Of all the images from the July 31 primary, the day Brookhaven became a city, one stands out.
It’s a picture of Rep. Tom Taylor holding up a toy pig with wings. Rep. Mike Jacobs and J. Max Davis, president of Brookhaven Yes and now a candidate for mayor, smile as Taylor tells them the story about that flying pig.
It’s a story that began with Sandy Springs.
A Democratic official told Republicans that Sandy Springs would become a city when pigs fly, the story goes.
As a quick side note: the expression “when pigs fly” apparently has its origins in an old Scottish proverb, according to the World Wide Words website.
“It seems to have been a traditional Scottish proverb, which was first written down in 1586 in an edition of John Withal’s English-Latin dictionary for children,” writes website author Michael Quinion. “This had an appendix of proverbs rendered into Latin, of which one was the usual form of the proverb in the sixteenth and seventeenth centuries: ‘pigs fly in the air with their tails forward’. If they did indeed fly, the proverb argues, flying backwards would seem a small extra feat.”
Accounts differ surrounding which Democrat in question made the bold claim about Sandy Springs.
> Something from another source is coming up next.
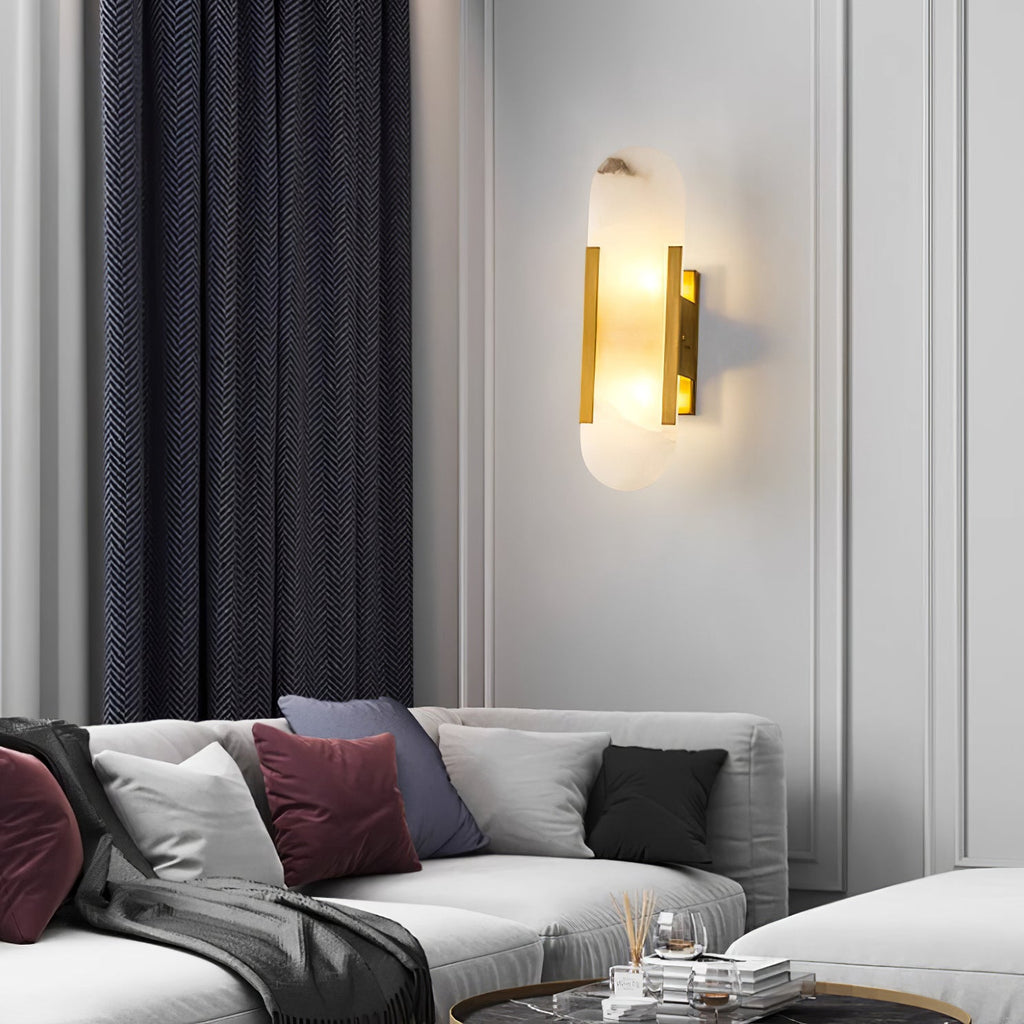 Clérachic sconce lit on a panelled living-room wall above a white sofa with berry and grey cushions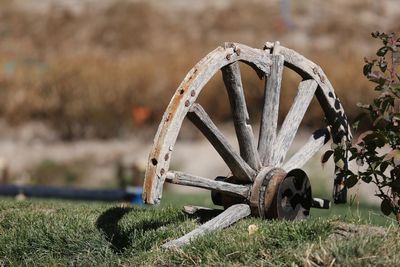 Close-up of abandoned wheel on field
A recent New York Times profile of the city credits the source as an unnamed Democratic legislator. An old story from the Sandy Springs Reporter attributes the quote to an unnamed Fulton County commissioner. Another article, from a 2005 edition of State Legislatures magazine, attributes the comment to various Democratic officials.
Rep. Joe Wilkinson gave Mayor Eva Galambos the flying pig in 2005 when the city incorporated. Since then, the image has taken off, both as a cheerful reminder to Sandy Springs of its victory over naysayers and as a mascot for other new cities.
Brookhaven is Georgia’s seventh new city. The flying pig gets around.